The transmission companies build lines with permission from the Public Utility Commission, the state’s power and telecommunications regulator, and then pass those costs along to consumers through rates the regulator approves.

Michael Goggin, director of research at the American Wind Energy Association, said that is the best way to fund transmission lines, because they’re part of a broader system that benefits stakeholders across the state.

Changing the system now would put wind generators at a competitive disadvantage, he argued, and would be bad policy.

“When the state has added coal generation, customers paid for that, and when new gas plants come online, there’s always a transmission cost for that as well,” Goggin said. “This is just the policy Texas has had. We’re just continuing the way things have always been done, and it works well.”

But Nelson noted the rapid growth of Texas wind generation and said the new transmission lines were built largely to accommodate wind power.
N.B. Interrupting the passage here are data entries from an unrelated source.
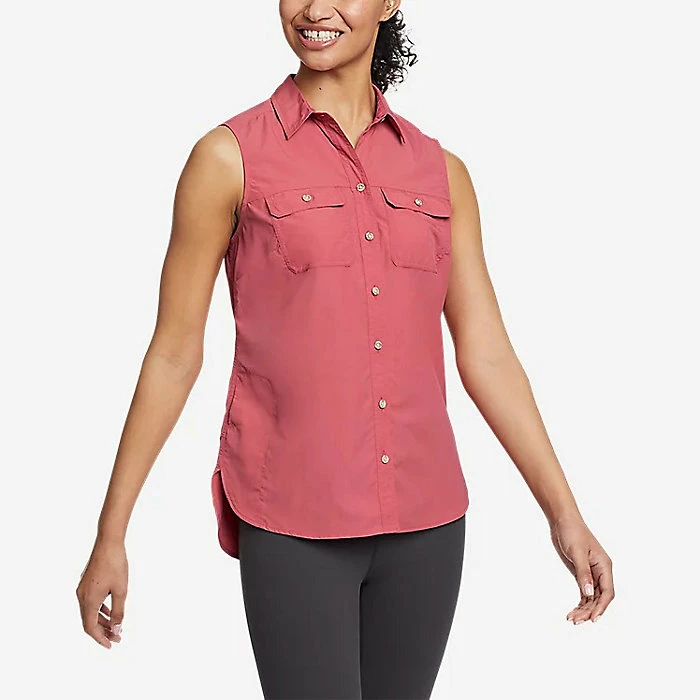 Eddie Bauer Travex Women's Mountain Ripstop SL Shirt 7 Eddie Bauer Travex Women's Mountain Ripstop SL Shirt - Image 5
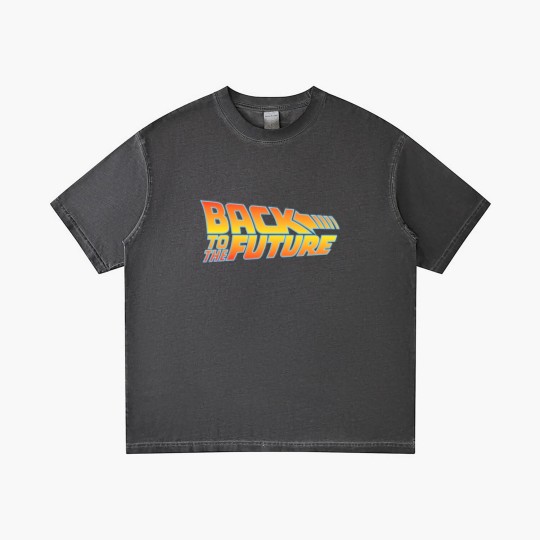 Discover Back to the Future Gradient T Shirts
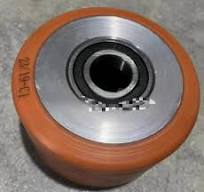 1PCS NEW FIT FOR Forklift accessory 0009933861 Balance wheel 140 * 80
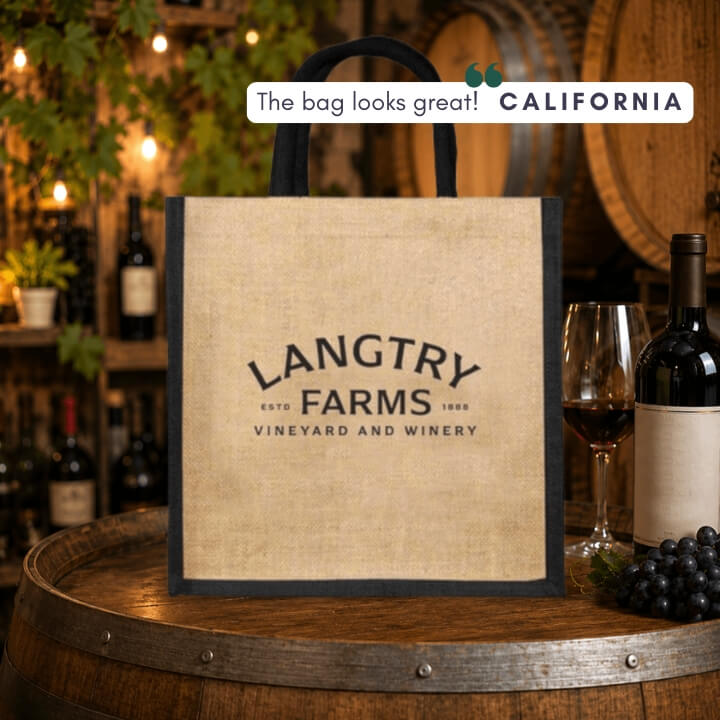 portfolio langtry farms Langtry farms tote bag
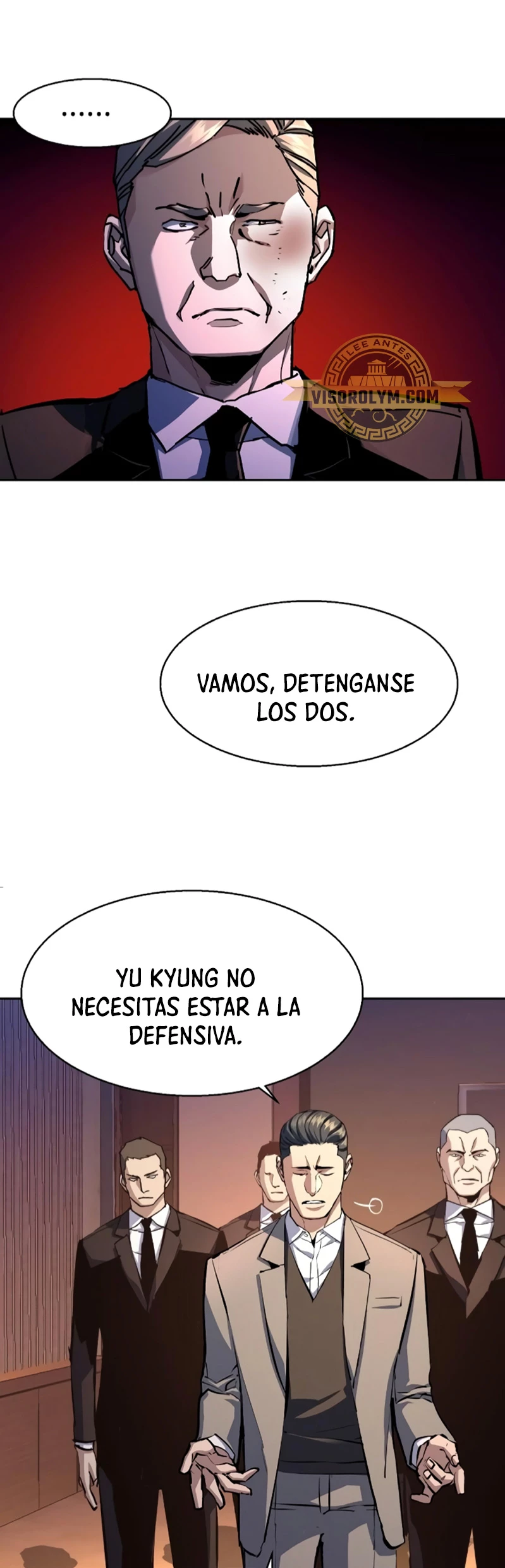 Inscripcion de mercenarios (El Asesino Yu Ijin) > Capitulo 182 > Page 51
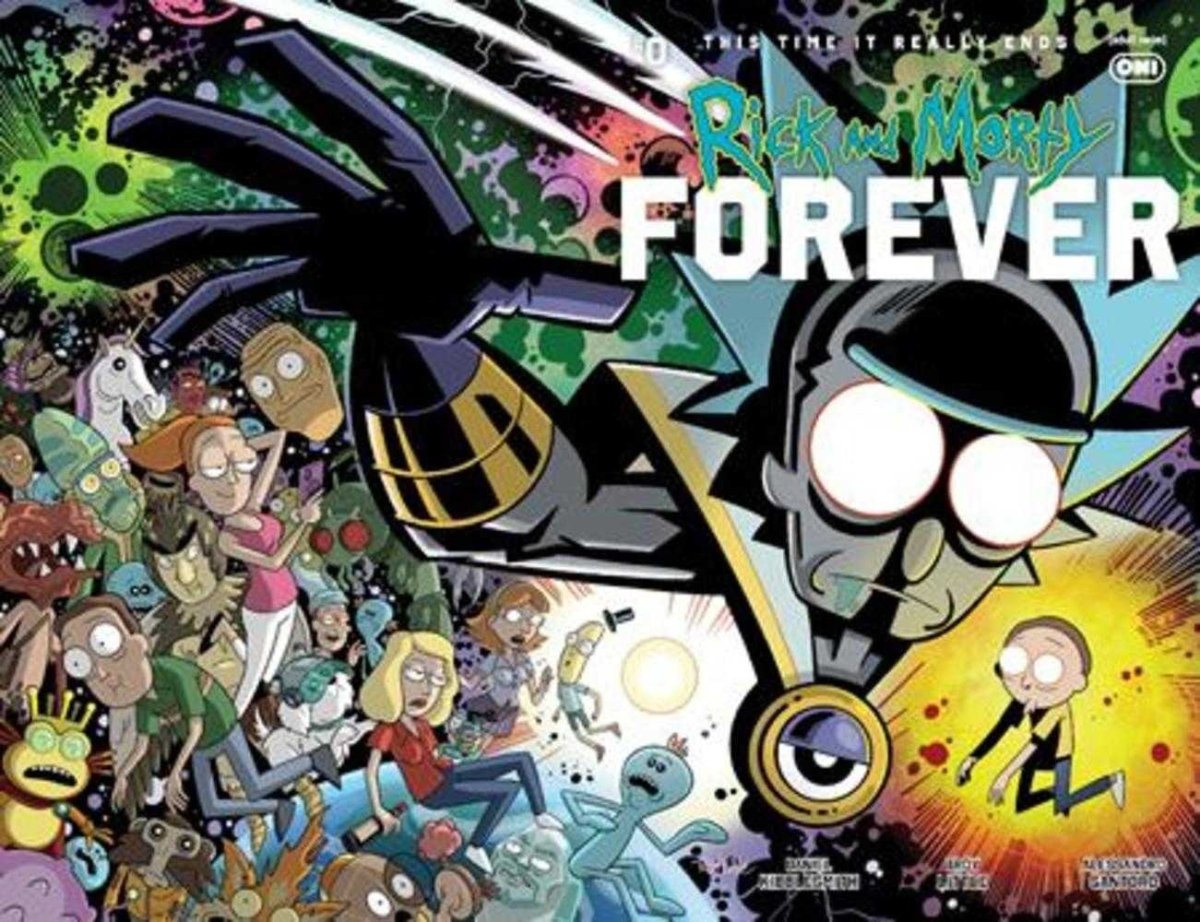 Rick And Morty Forever 0 (One Shot) - Walt's Comic Shop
She’s asked the commission staff to analyze the issue and make proposals before the state Legislature convenes next year.

“My goal is to get it done as quickly as we can,” Nelson said in an interview with the Houston Chronicle.

Her call for a study of transmission costs comes as ERCOT evaluates its own set of tools for managing the grid, which were developed before the state’s wind generation started to boom.

Nearly 10 percent of power generation in the ERCOT grid came from wind generators last year, according to the American Wind Energy Association, and 7,000 megawatts of new capacity are under construction. One megawatt is enough power for about 500 Texas houses under normal conditions.

Texas already leads the country with 12,355 megawatts of installed wind capacity, according to the association.

Nelson argues that renewable generators’ “unique characteristics and often-remote locations” also pose special challenges to the grid.

She noted that part of ERCOT’s task is to avoid power disruptions by ensuring that supply and demand are aligned.

Unlike coal, natural gas and nuclear power, wind is variable and requires more resources to manage.

Nelson argues that it’s worth considering whether wind generators should take on some of those costs.

Among the goals of the study would be to determine the amount and nature of the costs, Nelson said.